YOUR TASK: Below are the entries; give again exactly the lines from the one mentioning "30 Wistaria Avenue, Southport QLD 4215" through the one mentioning "Nike Women Vapor Max 8 Rose Gold", inclusive.

GIVEN RECORDS:
┌──

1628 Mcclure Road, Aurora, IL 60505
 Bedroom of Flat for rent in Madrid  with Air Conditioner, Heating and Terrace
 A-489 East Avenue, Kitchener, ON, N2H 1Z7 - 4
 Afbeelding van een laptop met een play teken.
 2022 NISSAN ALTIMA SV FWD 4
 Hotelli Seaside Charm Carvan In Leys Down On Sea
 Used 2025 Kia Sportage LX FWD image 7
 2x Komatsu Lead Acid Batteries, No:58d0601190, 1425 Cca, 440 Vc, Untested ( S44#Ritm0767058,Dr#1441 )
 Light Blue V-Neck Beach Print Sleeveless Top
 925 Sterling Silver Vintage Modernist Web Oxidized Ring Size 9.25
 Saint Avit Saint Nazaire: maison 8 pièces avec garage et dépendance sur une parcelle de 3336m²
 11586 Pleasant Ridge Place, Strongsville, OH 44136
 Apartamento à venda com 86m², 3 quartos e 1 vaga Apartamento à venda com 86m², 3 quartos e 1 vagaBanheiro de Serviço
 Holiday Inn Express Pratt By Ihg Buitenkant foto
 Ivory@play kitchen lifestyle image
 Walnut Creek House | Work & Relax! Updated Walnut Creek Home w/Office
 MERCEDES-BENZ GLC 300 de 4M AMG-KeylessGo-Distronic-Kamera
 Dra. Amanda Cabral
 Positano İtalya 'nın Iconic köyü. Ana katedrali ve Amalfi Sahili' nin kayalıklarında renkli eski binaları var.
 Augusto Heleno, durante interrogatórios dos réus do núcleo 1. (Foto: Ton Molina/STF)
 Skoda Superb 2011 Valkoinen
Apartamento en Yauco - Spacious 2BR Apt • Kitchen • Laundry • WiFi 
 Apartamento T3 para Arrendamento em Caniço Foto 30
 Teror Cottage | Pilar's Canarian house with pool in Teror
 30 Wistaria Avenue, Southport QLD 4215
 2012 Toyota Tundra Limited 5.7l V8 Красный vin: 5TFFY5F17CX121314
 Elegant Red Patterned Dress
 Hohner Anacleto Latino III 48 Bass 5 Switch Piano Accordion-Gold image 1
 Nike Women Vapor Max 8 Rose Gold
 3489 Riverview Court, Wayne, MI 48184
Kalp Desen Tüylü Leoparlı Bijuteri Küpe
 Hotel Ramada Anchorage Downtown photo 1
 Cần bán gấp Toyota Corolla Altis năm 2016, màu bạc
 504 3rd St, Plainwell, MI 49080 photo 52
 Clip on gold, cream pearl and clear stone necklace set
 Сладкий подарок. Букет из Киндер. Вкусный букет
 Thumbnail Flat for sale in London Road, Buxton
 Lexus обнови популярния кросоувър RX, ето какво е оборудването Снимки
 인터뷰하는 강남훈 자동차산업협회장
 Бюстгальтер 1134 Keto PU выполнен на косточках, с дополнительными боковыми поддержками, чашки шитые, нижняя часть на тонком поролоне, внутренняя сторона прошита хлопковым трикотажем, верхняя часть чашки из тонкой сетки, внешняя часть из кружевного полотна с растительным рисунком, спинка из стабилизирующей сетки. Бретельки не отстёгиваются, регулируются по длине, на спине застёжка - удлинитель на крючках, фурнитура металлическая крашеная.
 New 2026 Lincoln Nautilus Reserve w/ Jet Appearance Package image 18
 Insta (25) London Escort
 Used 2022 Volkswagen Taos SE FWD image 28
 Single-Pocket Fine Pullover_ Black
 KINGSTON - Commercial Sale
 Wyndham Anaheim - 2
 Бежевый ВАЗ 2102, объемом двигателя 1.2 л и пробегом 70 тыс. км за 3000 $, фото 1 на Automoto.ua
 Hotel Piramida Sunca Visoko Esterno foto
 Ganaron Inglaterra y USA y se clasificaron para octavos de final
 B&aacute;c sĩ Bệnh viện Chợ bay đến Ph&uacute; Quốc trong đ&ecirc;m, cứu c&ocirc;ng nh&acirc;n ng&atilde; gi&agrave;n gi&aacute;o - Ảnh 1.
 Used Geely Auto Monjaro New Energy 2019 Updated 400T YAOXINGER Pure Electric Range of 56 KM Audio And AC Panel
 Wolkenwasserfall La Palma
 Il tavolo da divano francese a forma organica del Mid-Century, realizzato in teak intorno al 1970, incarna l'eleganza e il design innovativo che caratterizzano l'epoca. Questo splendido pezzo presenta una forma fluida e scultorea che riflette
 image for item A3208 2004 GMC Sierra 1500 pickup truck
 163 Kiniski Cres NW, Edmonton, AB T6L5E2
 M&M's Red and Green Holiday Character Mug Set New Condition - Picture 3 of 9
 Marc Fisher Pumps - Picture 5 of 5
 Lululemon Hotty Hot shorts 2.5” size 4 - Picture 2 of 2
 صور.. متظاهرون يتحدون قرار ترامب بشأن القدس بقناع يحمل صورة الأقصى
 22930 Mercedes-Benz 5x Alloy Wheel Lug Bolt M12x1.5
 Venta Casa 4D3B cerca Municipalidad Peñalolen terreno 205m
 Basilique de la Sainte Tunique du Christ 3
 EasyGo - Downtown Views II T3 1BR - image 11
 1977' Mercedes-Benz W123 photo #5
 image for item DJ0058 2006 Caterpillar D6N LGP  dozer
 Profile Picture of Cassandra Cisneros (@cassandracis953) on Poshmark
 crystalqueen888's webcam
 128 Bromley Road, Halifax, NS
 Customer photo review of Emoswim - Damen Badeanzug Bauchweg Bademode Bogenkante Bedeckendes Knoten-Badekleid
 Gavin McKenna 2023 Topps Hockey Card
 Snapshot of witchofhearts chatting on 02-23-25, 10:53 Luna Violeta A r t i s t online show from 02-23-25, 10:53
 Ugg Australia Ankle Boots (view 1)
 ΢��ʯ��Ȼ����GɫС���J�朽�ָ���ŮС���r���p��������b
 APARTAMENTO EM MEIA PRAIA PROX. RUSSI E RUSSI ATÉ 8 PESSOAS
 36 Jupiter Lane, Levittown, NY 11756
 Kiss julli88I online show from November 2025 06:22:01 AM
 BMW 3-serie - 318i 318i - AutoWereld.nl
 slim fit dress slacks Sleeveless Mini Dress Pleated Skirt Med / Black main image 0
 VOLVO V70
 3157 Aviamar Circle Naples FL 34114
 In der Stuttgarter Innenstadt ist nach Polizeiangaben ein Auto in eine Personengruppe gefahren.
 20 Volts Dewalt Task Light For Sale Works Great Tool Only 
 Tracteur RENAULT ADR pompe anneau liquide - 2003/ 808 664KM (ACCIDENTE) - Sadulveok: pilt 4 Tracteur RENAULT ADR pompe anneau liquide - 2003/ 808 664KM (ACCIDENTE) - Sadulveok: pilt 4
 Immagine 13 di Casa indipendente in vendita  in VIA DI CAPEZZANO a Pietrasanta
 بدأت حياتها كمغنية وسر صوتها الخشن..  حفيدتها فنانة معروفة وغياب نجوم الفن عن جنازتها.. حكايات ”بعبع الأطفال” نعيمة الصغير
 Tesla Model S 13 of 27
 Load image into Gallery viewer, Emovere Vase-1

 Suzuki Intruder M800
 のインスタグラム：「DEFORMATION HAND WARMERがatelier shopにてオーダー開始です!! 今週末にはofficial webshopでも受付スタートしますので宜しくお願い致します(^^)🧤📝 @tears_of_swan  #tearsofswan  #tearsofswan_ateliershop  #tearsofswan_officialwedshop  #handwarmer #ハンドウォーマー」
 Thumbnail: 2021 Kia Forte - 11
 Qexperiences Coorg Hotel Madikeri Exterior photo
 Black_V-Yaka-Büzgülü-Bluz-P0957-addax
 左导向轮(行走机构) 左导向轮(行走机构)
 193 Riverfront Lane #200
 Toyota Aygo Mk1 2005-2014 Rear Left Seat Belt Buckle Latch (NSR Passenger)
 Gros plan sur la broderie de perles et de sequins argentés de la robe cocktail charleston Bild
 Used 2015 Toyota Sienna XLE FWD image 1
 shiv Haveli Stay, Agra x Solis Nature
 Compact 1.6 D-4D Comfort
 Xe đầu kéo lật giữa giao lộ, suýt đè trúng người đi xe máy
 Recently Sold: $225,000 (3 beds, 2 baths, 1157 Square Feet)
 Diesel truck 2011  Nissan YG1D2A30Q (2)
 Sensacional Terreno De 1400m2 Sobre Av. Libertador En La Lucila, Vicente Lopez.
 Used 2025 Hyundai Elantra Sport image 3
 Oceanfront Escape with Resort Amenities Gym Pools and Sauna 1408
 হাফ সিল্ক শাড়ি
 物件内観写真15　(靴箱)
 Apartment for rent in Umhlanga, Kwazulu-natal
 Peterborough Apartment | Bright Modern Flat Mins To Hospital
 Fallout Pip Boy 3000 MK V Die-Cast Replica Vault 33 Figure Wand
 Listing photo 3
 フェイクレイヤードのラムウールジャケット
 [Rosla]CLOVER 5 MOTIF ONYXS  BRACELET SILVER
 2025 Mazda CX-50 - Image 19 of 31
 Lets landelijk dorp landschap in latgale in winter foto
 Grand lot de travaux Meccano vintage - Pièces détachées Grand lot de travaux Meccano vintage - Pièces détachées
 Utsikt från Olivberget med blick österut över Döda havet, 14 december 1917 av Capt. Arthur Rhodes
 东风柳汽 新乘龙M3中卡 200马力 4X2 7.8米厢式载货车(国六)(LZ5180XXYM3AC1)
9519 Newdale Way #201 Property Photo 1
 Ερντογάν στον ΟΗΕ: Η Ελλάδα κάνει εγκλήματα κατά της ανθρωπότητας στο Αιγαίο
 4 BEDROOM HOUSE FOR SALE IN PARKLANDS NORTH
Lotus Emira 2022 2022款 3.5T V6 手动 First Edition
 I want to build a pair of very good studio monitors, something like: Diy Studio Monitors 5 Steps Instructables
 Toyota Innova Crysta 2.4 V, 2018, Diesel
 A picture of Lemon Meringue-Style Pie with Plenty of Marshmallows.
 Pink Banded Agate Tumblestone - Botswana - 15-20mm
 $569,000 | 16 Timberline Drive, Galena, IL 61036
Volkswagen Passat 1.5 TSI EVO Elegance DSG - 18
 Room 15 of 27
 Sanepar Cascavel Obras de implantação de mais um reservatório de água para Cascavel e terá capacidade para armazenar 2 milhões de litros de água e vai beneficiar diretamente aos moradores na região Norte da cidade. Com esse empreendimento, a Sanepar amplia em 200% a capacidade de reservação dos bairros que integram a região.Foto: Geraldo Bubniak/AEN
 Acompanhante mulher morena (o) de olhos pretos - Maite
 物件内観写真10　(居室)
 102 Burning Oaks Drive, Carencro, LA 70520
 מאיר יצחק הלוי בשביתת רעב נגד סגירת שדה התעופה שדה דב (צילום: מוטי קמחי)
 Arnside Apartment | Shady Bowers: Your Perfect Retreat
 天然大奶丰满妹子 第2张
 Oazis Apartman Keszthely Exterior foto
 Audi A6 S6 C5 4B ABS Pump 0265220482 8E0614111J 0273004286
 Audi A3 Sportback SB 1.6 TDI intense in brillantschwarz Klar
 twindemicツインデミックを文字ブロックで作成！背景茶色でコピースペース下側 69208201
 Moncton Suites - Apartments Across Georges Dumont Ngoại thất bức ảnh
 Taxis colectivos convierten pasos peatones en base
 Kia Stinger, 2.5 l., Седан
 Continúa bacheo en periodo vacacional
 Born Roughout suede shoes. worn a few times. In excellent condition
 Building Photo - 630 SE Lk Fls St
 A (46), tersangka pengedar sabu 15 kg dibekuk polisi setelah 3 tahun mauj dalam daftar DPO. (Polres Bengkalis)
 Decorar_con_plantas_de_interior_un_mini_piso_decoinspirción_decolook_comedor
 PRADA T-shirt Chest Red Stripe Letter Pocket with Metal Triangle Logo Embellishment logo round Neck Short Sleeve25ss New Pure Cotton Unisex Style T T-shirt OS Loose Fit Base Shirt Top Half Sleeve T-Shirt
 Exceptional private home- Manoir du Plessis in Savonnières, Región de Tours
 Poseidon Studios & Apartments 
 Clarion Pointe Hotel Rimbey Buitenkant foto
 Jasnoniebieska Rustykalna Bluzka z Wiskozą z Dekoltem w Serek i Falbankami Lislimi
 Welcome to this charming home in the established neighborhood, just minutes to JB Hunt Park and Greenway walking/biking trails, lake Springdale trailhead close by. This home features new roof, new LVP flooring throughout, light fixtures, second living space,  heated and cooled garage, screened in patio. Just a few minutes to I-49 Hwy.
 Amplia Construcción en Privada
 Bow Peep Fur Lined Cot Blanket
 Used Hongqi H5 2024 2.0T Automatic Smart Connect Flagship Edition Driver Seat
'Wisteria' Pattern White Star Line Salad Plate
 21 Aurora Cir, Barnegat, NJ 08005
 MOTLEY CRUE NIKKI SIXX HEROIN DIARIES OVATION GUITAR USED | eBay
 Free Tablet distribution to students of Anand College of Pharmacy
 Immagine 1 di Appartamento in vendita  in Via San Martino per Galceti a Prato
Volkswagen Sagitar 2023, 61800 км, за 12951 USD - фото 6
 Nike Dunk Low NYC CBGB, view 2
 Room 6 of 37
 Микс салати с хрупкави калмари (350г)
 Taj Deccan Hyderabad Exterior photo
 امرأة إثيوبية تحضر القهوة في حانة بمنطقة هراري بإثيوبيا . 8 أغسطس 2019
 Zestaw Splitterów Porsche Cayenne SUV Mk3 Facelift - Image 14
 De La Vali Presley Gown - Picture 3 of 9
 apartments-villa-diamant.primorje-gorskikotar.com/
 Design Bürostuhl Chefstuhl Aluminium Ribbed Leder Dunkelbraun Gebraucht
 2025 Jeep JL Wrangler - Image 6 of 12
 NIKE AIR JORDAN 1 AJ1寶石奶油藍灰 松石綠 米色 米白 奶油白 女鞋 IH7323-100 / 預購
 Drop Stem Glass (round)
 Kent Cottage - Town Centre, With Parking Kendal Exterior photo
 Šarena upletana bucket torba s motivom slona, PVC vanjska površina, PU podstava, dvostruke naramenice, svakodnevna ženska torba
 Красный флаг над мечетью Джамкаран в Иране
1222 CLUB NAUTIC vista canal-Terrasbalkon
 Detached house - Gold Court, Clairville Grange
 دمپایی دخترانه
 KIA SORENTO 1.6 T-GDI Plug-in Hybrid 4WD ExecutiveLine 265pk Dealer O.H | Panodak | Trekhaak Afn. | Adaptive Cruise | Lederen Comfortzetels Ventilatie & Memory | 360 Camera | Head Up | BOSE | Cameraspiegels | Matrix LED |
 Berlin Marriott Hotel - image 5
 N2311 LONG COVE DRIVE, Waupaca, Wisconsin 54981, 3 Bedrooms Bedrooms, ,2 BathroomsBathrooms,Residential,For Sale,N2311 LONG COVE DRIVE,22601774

└──

FINISHED TASK:
 30 Wistaria Avenue, Southport QLD 4215
 2012 Toyota Tundra Limited 5.7l V8 Красный vin: 5TFFY5F17CX121314
 Elegant Red Patterned Dress
 Hohner Anacleto Latino III 48 Bass 5 Switch Piano Accordion-Gold image 1
 Nike Women Vapor Max 8 Rose Gold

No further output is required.